* EXERCISE
The answer must be every line of the records below that contains the word "Parade".

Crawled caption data
================================
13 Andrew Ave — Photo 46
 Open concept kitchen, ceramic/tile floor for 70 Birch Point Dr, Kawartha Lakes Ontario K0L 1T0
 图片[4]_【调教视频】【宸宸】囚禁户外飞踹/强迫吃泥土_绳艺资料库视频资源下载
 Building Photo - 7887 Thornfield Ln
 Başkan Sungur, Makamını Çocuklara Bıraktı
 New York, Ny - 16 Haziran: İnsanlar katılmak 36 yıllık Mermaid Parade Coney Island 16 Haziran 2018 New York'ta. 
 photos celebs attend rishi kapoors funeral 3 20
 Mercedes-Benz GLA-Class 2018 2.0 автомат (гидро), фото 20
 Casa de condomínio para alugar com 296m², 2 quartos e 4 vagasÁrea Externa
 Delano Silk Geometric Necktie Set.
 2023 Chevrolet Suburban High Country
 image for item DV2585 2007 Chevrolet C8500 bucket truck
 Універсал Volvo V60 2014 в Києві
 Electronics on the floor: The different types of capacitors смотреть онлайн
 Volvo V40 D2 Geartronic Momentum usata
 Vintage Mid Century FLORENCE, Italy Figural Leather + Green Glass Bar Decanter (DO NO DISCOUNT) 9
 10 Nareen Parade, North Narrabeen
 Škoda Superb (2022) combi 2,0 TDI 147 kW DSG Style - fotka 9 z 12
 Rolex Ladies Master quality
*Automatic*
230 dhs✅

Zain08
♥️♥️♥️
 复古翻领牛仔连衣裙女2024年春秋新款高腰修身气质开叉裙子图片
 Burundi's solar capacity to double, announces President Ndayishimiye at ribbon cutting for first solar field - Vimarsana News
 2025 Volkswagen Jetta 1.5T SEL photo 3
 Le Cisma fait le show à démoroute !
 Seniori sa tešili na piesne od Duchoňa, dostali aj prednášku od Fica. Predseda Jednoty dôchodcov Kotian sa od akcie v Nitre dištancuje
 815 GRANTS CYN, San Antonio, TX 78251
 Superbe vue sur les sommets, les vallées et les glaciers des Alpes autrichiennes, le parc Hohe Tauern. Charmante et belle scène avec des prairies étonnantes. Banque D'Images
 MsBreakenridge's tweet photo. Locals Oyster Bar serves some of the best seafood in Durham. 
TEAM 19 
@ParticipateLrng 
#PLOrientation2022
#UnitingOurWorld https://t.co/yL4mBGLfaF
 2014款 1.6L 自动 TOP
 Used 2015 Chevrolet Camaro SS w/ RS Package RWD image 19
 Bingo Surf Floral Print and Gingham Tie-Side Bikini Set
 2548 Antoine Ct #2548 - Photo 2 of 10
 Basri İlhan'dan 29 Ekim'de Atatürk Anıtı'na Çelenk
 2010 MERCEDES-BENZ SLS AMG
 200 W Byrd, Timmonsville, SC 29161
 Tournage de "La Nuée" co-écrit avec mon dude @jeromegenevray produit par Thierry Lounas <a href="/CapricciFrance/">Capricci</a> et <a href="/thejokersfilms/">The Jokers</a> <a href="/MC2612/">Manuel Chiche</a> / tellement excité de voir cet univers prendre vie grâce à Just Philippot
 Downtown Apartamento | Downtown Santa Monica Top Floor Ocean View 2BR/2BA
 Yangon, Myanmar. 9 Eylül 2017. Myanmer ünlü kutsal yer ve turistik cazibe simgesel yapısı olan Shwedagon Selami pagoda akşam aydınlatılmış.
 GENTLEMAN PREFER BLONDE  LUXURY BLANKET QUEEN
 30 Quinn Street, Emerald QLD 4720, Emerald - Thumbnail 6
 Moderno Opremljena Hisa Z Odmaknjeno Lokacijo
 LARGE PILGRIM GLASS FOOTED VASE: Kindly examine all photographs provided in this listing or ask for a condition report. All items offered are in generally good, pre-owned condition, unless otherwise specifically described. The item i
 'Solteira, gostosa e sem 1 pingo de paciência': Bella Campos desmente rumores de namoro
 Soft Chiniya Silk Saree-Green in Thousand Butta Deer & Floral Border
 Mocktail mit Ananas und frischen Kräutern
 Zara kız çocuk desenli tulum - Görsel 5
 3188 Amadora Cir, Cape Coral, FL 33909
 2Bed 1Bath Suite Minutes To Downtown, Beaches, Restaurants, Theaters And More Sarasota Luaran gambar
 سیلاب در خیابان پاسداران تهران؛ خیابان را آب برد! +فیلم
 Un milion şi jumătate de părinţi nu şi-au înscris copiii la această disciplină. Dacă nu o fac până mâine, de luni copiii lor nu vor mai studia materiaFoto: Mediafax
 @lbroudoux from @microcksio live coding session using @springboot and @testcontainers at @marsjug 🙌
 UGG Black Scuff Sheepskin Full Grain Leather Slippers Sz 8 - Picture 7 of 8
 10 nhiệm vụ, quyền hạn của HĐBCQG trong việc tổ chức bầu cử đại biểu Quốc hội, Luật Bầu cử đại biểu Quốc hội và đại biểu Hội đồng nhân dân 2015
================================
* WRITTEN SOLUTION
 New York, Ny - 16 Haziran: İnsanlar katılmak 36 yıllık Mermaid Parade Coney Island 16 Haziran 2018 New York'ta. 
 10 Nareen Parade, North Narrabeen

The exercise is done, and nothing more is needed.